-- Opening Marker --

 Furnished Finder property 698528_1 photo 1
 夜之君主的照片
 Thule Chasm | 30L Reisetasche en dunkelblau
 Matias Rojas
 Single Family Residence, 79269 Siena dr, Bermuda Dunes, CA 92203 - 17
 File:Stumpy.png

-- Closing Marker --
-- Opening Marker --

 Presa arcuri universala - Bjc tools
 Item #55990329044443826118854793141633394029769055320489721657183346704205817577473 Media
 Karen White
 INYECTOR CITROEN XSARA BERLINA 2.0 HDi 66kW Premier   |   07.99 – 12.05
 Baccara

-- Closing Marker --

Taking the entries above, write out exactly the lines starting with the line containing "Furnished Finder property 698528_1 photo 1" and going on through the line containing "File:Stumpy.png", both included, and nothing else.

Response to this task:
 Furnished Finder property 698528_1 photo 1
 夜之君主的照片
 Thule Chasm | 30L Reisetasche en dunkelblau
 Matias Rojas
 Single Family Residence, 79269 Siena dr, Bermuda Dunes, CA 92203 - 17
 File:Stumpy.png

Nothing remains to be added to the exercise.